Mongolia's flexibility reflects deeper crosscurrents that Mr. Gorbachev's Asian initiatives have stirred up. In the past, Moscow was careful to protect its smaller allies -- Mongolia, Vietnam, and Afghanistan -- by refusing to discuss ``third countries'' with China.

But when Soviet Deputy Foreign Minister Igor Rogachev arrived in Peking Oct. 5 for the ninth round of normalization talks with China, he announced -- to Mongolia's chagrin -- that Moscow would now discuss ``all issues'' directly with China.

``China has now made Mongolia the test of Soviet sincerity,'' and is waiting to see how many and when Soviet troops would actually be withdrawn from Mongolia, a diplomat here commented. ``Moscow's not going to fail it [Peking] because of the Mongols.''

Mongolia has gone along with Gorbachev's China policy, however reluctantly. Since the beginning of the year, Mongolia has signed with China a civil-aviation agreement, a long-term trade protocol, and a consular accord. It has also scheduled a summertime weekly charter flight to Peking and sent wrestlers, writers, and a friendship delegation on exchanges to China.

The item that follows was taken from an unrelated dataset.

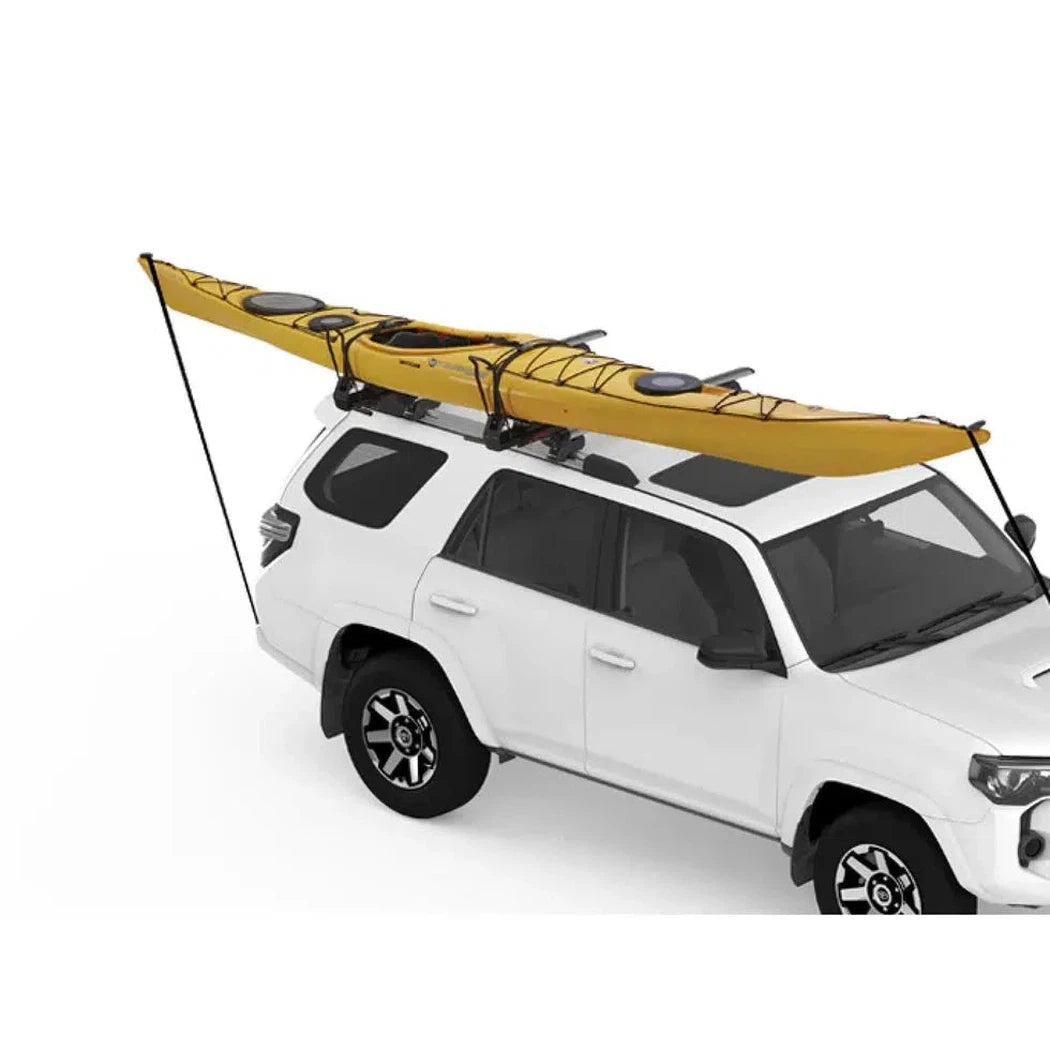 A white SUV with a yellow Yakima Showdown kayak mounted on its roof rack, photographed from a slightly angled front view against a plain white background.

And for the first time since China's Cultural Revolution (1966-76), a Chinese film was shown on Mongolian television to mark China's National Day, Oct. 1.

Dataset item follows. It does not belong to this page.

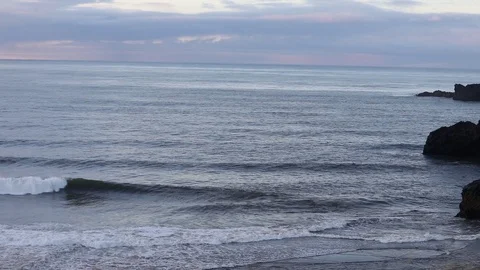 Sunrise on the ocean. Waves run on a black sandy beach. Stockbeeldmateriaal 95969728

These developments will make it easier for Gorbachev to convince China of the sincerity of his recent overtures. But there are limits, analysts indicate, as to how far the Mongolians will voluntarily move in China's direction.

With a population of only 2 million in a territory as vast and open as the US Southwest, Mongolians feel threatened by what they fear to be the pressure of expansive and land-hungry Chinese on their southern border. This underlying sense of insecurity, which is firmly rooted in history, remains apparent at many levels.

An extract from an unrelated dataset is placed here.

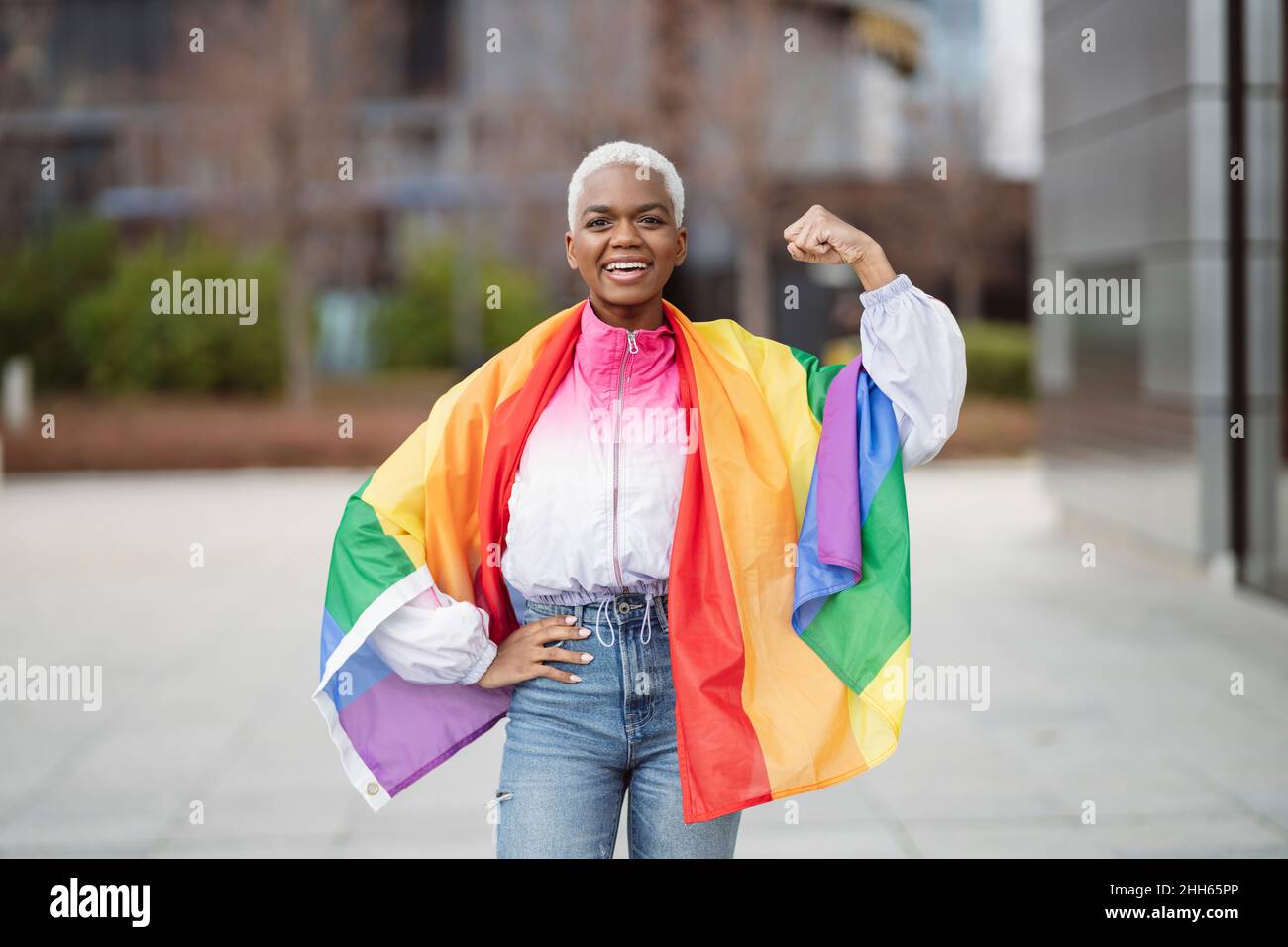 Jeune femme enveloppée dans un drapeau arc-en-ciel fléchissant le muscle avec la main sur la hanche Banque D'Images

While welcoming senior Chinese leader Deng Xiaoping's stress on modernization and peaceful borders, Mongolian officials underline the ``historical lessons'' of living next door to China.

``Over the centuries, whenever China is strong, it has used that strength to dominate or conduct aggression against its neighbors,'' Yondon said.

``Today China is a militarily strong power, a nuclear-weapons power, and a rapidly developing industrial power with military links to the US and Japan,'' Mongolia's acting foreign minister continued. ``And by the Chinese Communist Party's 100th year anniversary in 2049, China intends to emerge as a world power.''

The deeper tensions are apparent even to travelers on the slow train from Ulan Bator to Peking. The one Chinese car, at least on the day that this journalist was traveling, was sealed off from the rest of the Mongolian train by a stern-faced attendant who was there to prevent passage to the restaurant car.

Between the Chinese car and a well-provisioned Mongolian restaurant car were seven cars full of Soviet soldiers and their families returning to duty at military bases in the Gobi Desert. The segregation on the train at least symbolized how the Mongolians would ideally arrange relations with their two powerful neighbors if they held all the keys to the compartments.

But they do not hold all the keys -- far from it. So to placate Moscow, the Mongolians are making gestures to Peking while simultaneously trying to strengthen their hand against China. By normalizing relations with the US, Mongolia hopes to bolster its independence and gain diplomatic latitude.

At the same time, the Mongolians are asserting all-but-impossible conditions for a total pullout of Soviet forces.

When Chinese Deputy Foreign Minister Liu Shuqing visited Ulan Bator in August -- the first visit by a senior Chinese official in 20 years -- he was told of two preconditions for a complete Soviet troop withdrawal: China must first pull its troops back from the Mongolian border ``deep into Chinese territory'' and publicly renounce any claims on Mongolia.

A Soviet diplomat here said Moscow welcomes US-Mongolian relations as ``normal and desirable.'' Indeed, US recognition would enhance Mongolia's credibility at a moment when Ulan Bator has assumed a special role in Gorbachev's peace offensive. But Moscow would not welcome any complications at this delicate stage in its relations with China, when the troop withdrawal from Mongolia has become a sincerity test. Moscow's real attitude, therefore, will become apparent only if this time US-Mongolian normalization talks succeed.